“Thom sat amidst the frigid beauty, barefooted and without a coat, singing to the wind and laughing at jokes only he could hear.” – excerpt from The Broken Court, Chapter 5 – The Lost Ones
Changlings, Kilmeny, Rhys ap Morgan, True Thomas, Tamlin – many a tale has been told about those who were spirited away by fairies; of the beauties and delights they saw while in fairyland and the often sad fates that awaited them upon their return to the mortal world.
“They walked through a land where there were no shadows. Where slender boles of crystalline trees rose up like pillars from a floor of malachite. Their spreading branches held aloft a sky made of lapis. The trees opened up to a great circle where the Fairy Queen’s round danced. Two rings of dancers there were, one within the other. The inner ring spun widdershins as sunwise spun the outer. In its center, rising above all, was a dais. Upon it was a throne, where sat the Fairy Queen.
She was dressed in mist and sunlight with hair like a golden waterfall, and eyes the deep blue of a winter sky. At her feet sat a boy who was as beautifully golden as she, save that he was mortal. A very strange thing indeed.” – excerpt from Lumina and the Goblin King, Chapter 5 – The Fairy Queen’s Round
When you first meet Thom in Lumina and the Goblin King, he is sitting at the feet of the Fairy Queen. A beautiful mortal boy whom she had stolen away to use as a pawn against the Goblin King. By the time The Broken Court begins, he has been returned to the mortal world and is being cared for by the eld woman. But then I asked myself, now what? What was his fate to be? How would he see the mortal world? Not as others do, for sure.

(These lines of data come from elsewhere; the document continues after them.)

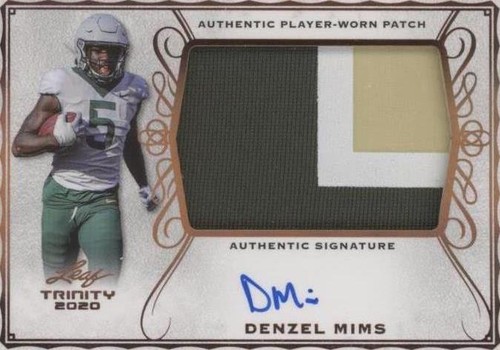 2020 Leaf Trinity Denzel Mims #PA-DM1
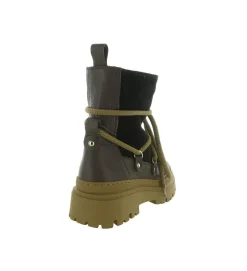 apres ski bottes fourrees - Chaussure neige - femme - Nubuck - Marron - Armando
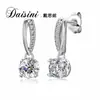 Desini Joyería Nueva de Plata S925 Diseño Original Personalizado Pendientes Geométricos Simples de Diamante Moissanita Joyería Fina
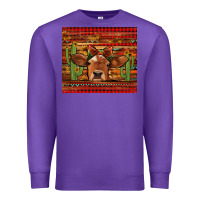 Purple western christmas cow tumbler Premium Sweatshirt - Jasminsmagicworld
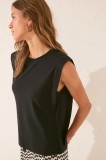 women&#039;secret tricou de pijama culoarea negru, bumbac, 3272261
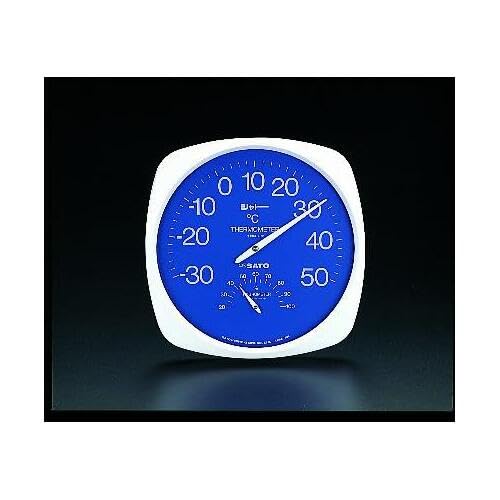 佐藤計量器製作所 285x285x35mm 温度・湿度計 EA728EB-2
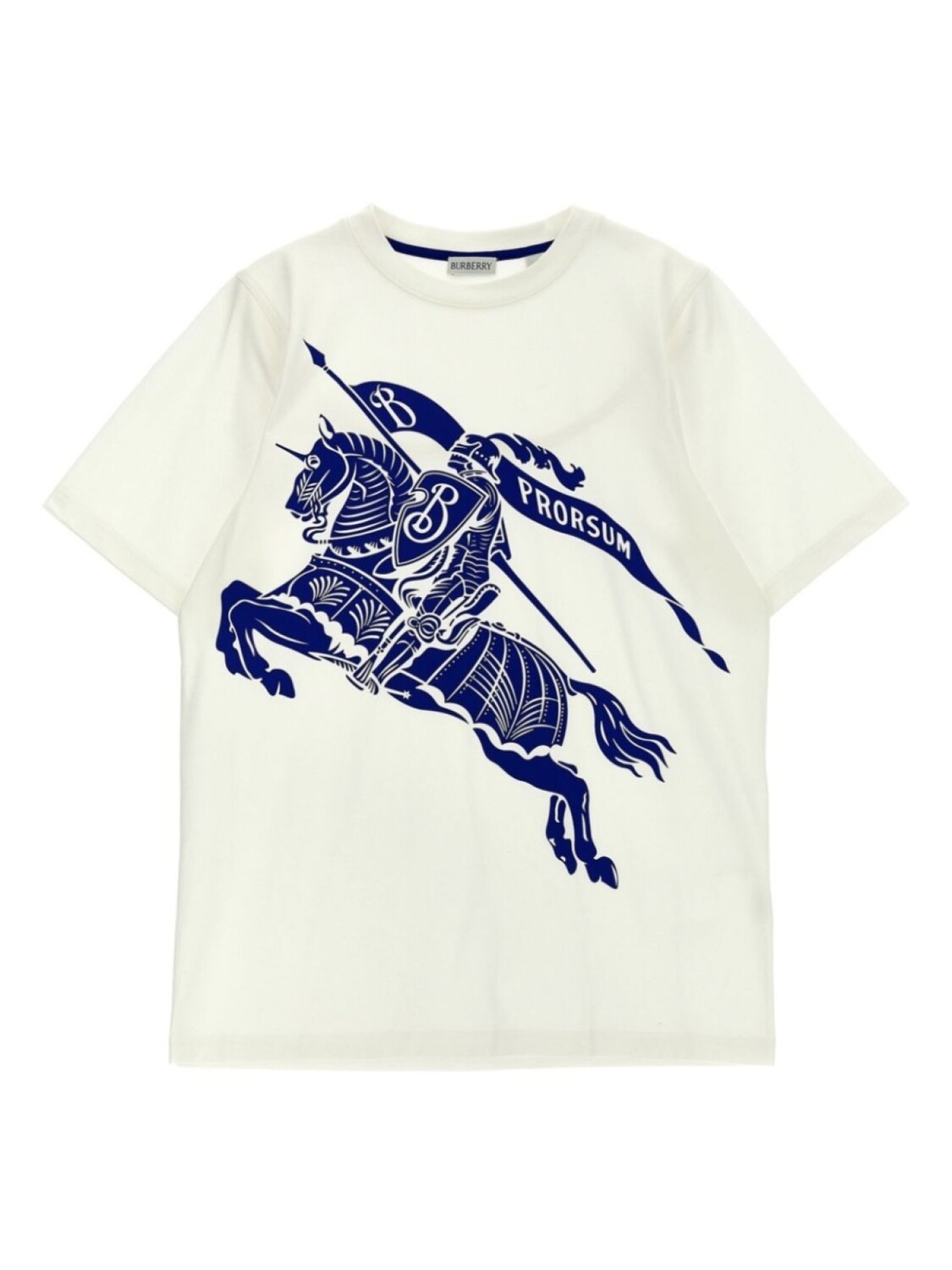 

Футболка Burberry Kids EKD из хлопка, белый
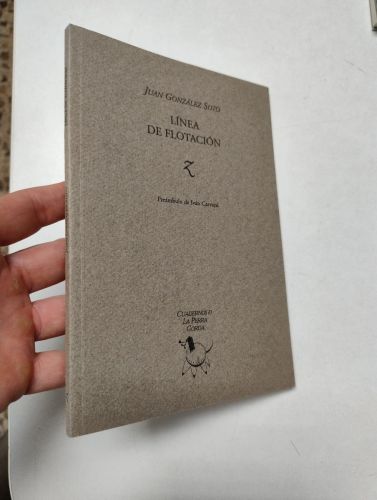 Portada del libro de La línea de flotación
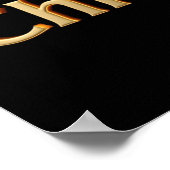 Merry Christmas Luxury Typography Poster Paper H11 ポスター (角)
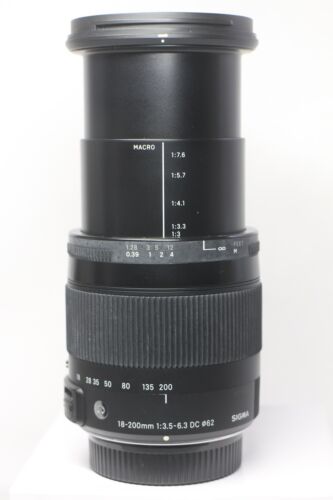 Sigma 18-200mm F/3.5-6.3 DC OS HSM AF Macro Contemporary Lens 014 for Nikon - Picture 8 of 12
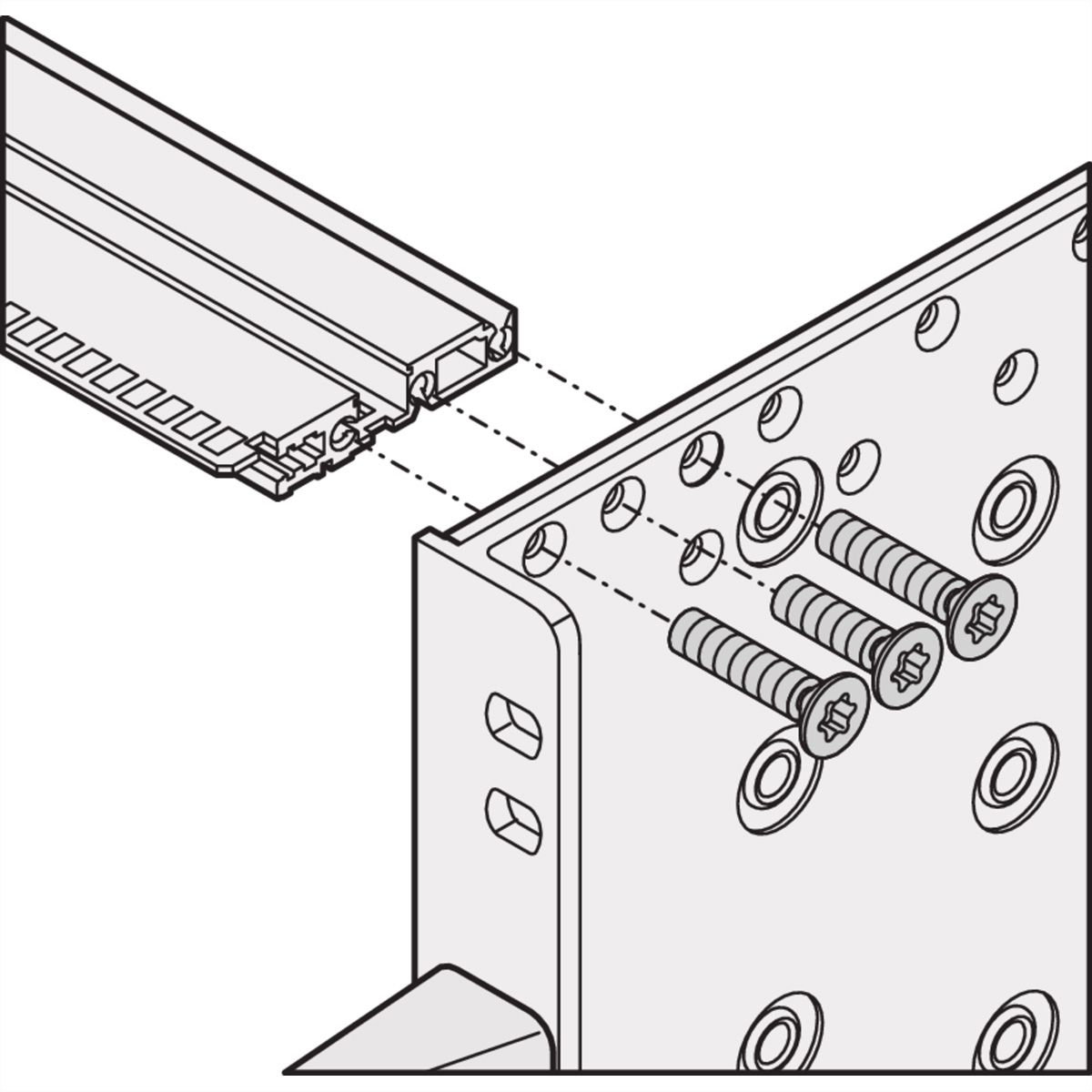 SCHROFF EuropacPRO Panneau latéral pour joint textile, Type R, 6 U, 295 mm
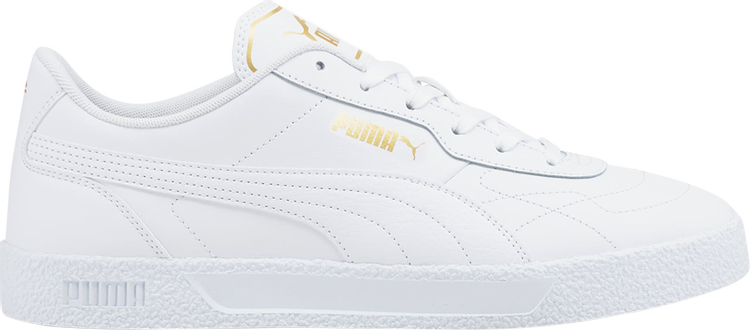 Sneakers Puma Club Zone White Team Gold, white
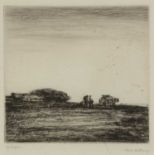Greta Delleaney (1884-1968) The Crofting signed and titled in pencil (in the margin) etching 12 x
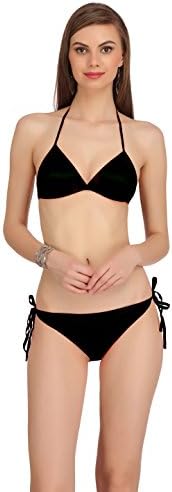 Fashion ComfortzWomen’S Girls Satin Nylon Spandex Sexy Bra Sexy Panty,Non Padded Bikini Swimwear Lingerie Set,Women’S Girls Ladies Undergarments,Sexy Lingerie Beach Innerwear for Women Girls Ladies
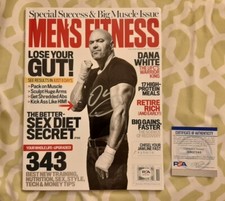 Dana White signed Men's Health magazine Nov 2016 PSA COA #AH37341 UFC MMA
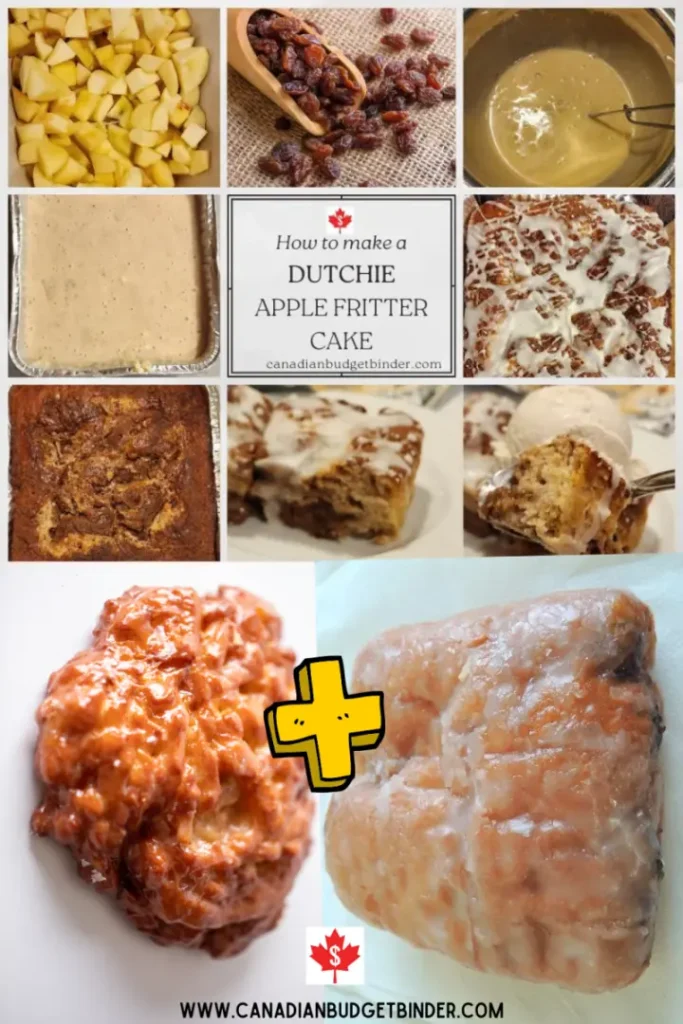 How to make an apple fritter dutchie cake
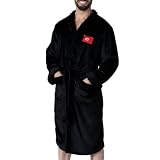 Northwest NASCAR Ty Gibbs Fast Track Silk Touch Bathrobe, Officially Licensed Fan Robe, Ultra-Soft Plush Polyester Lounge Wear with Shawl Collar, Belt & Pockets, Unisex, Large/X-Large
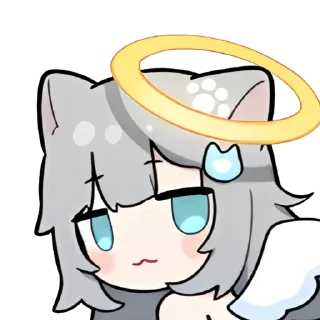 Telegram sticker 😇 家有鲨猫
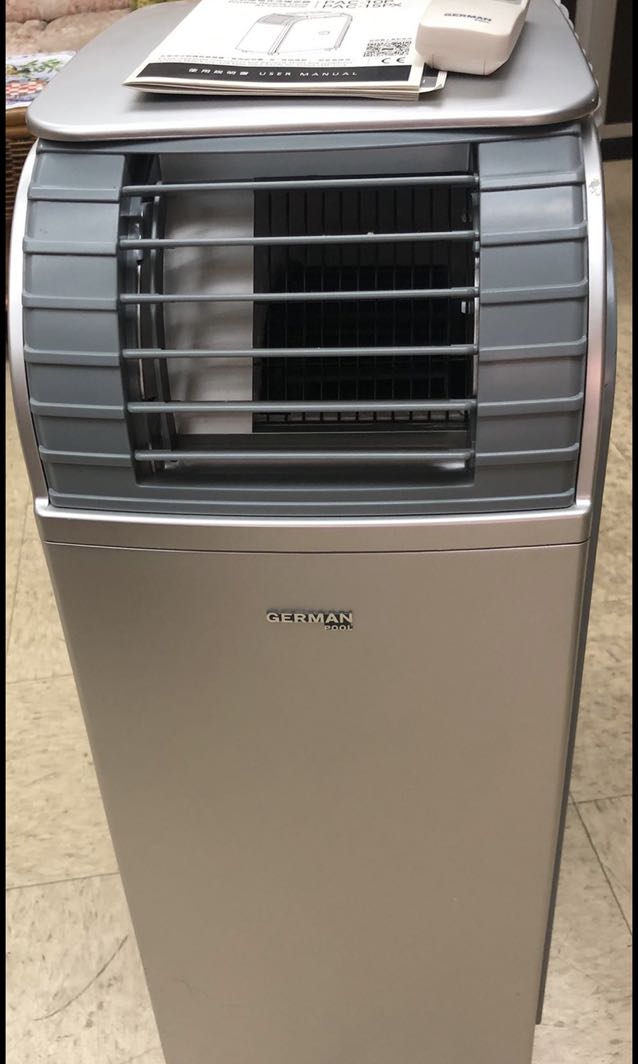 German Pool portable air conditioner PAC 15PX, 家庭電器, 冷氣機及暖風機 Carousell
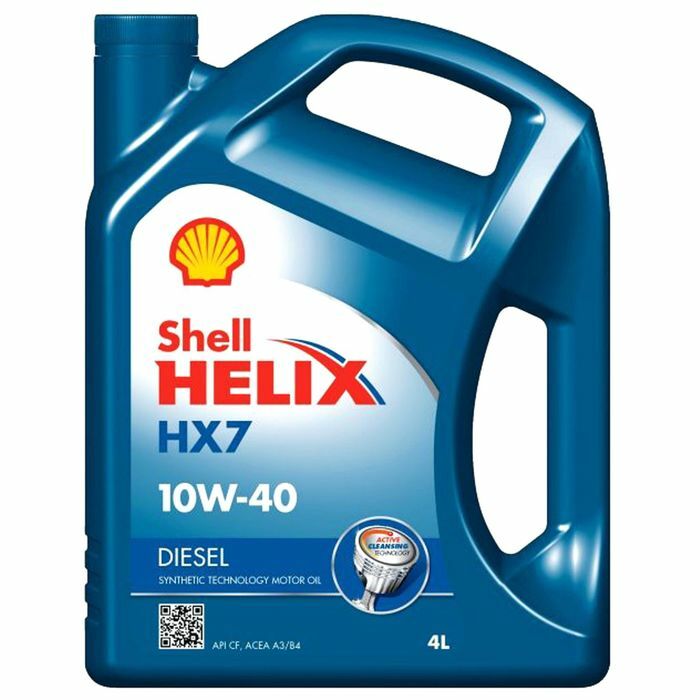 Shell Helix Diesel HX 7 10W-40 engine oil, 4 l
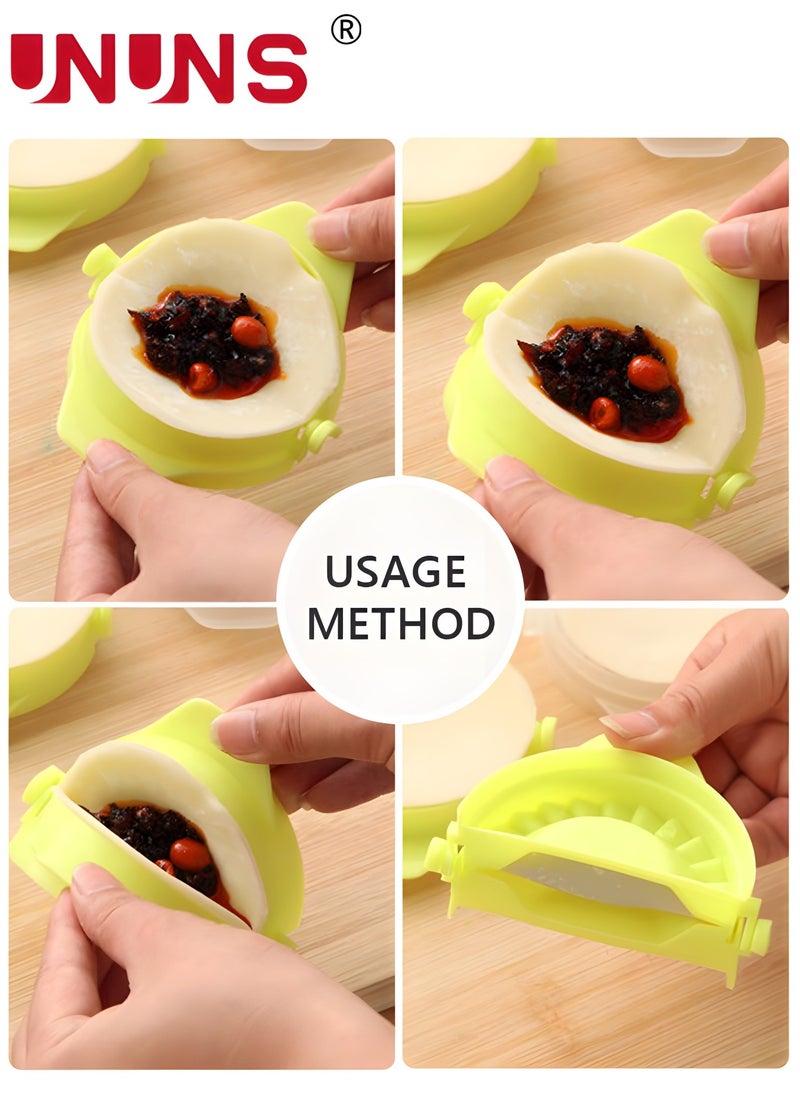 Dumpling Ravioli Maker,Set Of 3 Sizes Dumpling Maker Mold,Easy-tool for Dumpling Wrapper Dough Stamp Cutter Pastry Pie Making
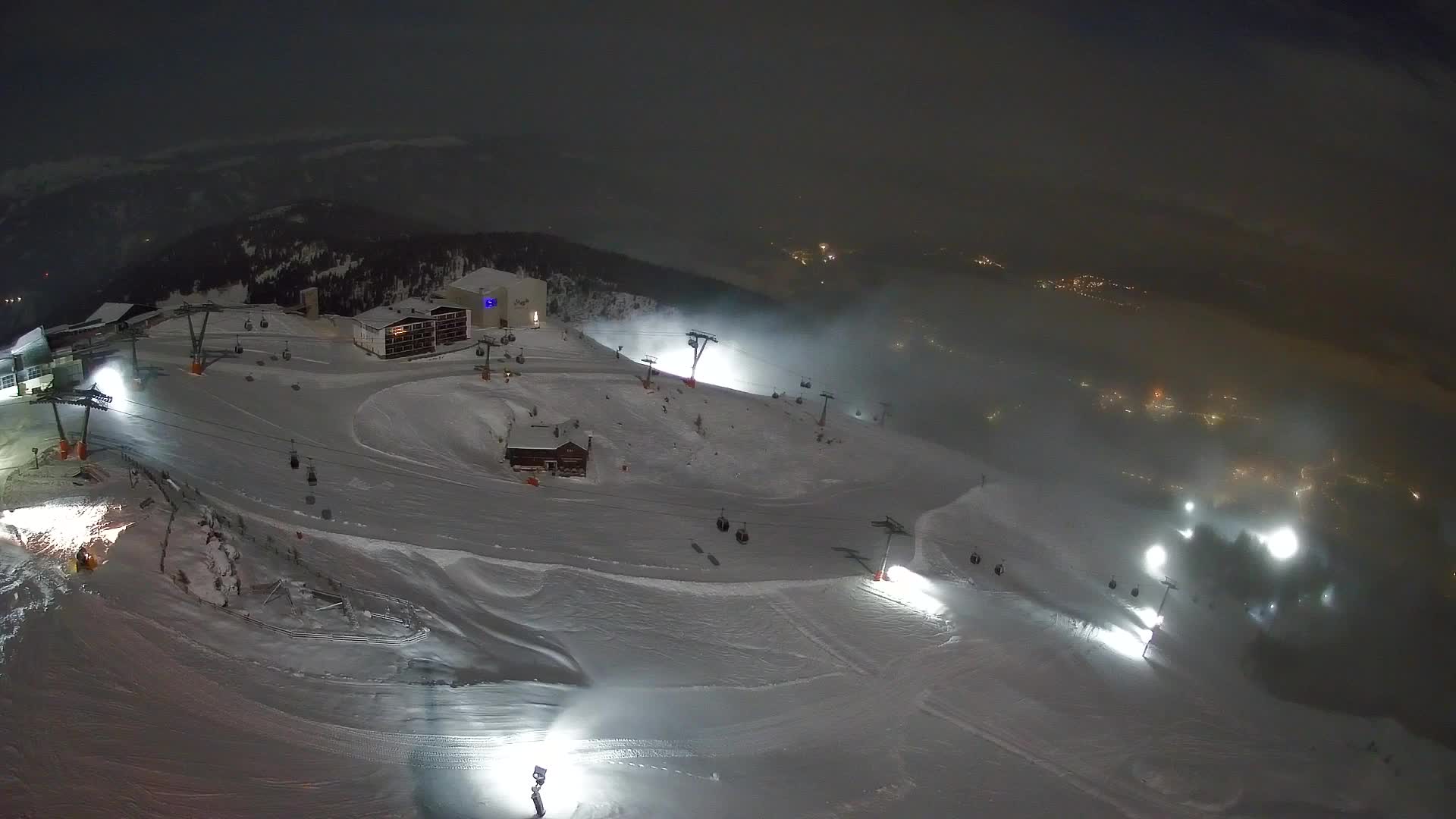 Station de ski Kronplatz sommet | vue sur Brunico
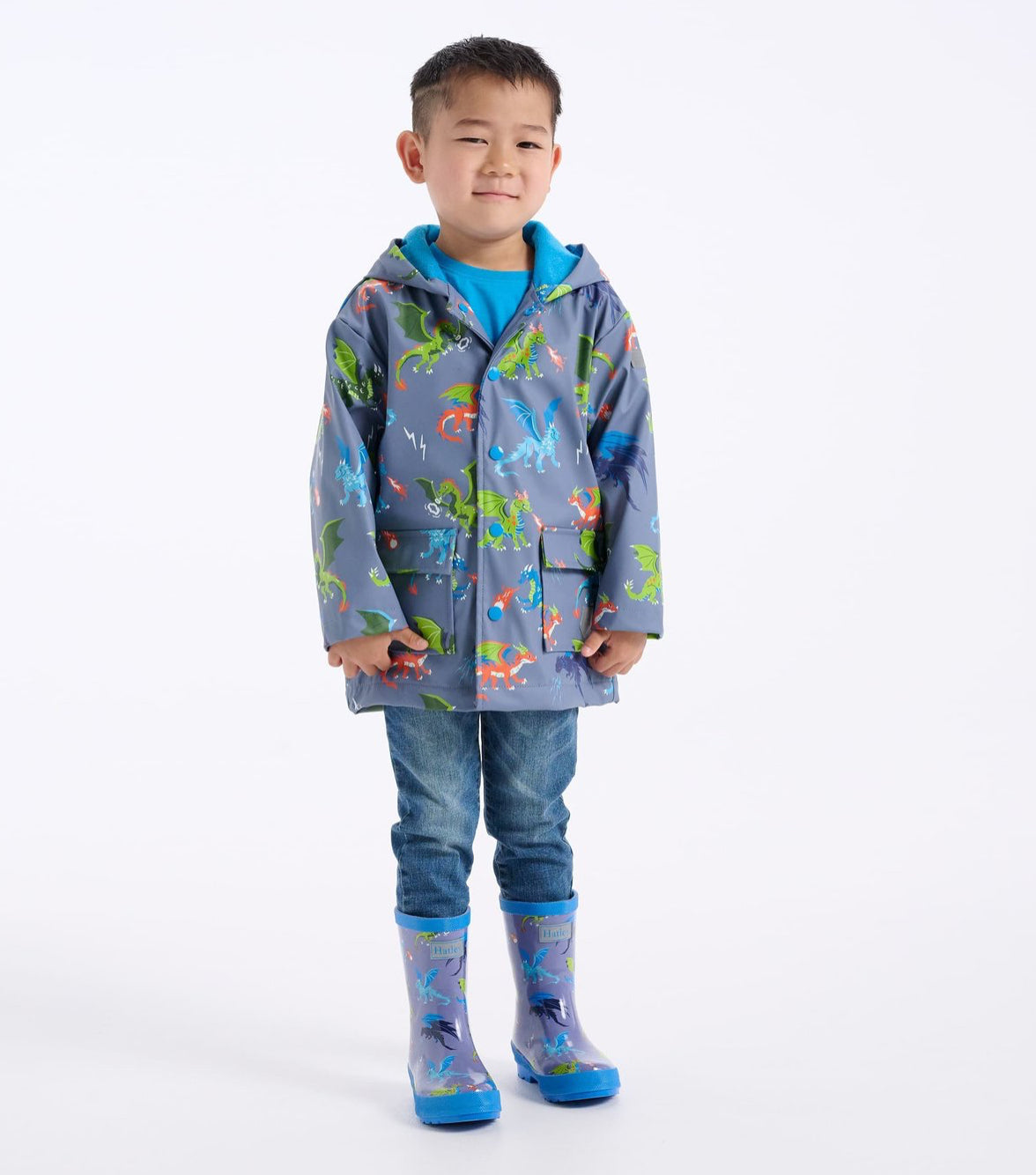 Hatley Dragon Realm Raincoat F23rdk1336 Clothing 2YRS / Multi,3YRS / Multi,4YRS / Multi,5YRS / Multi,6YRS / Multi,7YRS / Multi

It was actually my daughter who helped me the most when it came to writing about Thom. Being on the spectrum, she also sees the world in very unique ways, and though it was never my intention, there is much of her in him. Just as the inspiration for many of the eld woman’s fears and trials come from my own concerns and experiences. (I guess that means my husband is to blame for the phooka’s incorrigible nature :D)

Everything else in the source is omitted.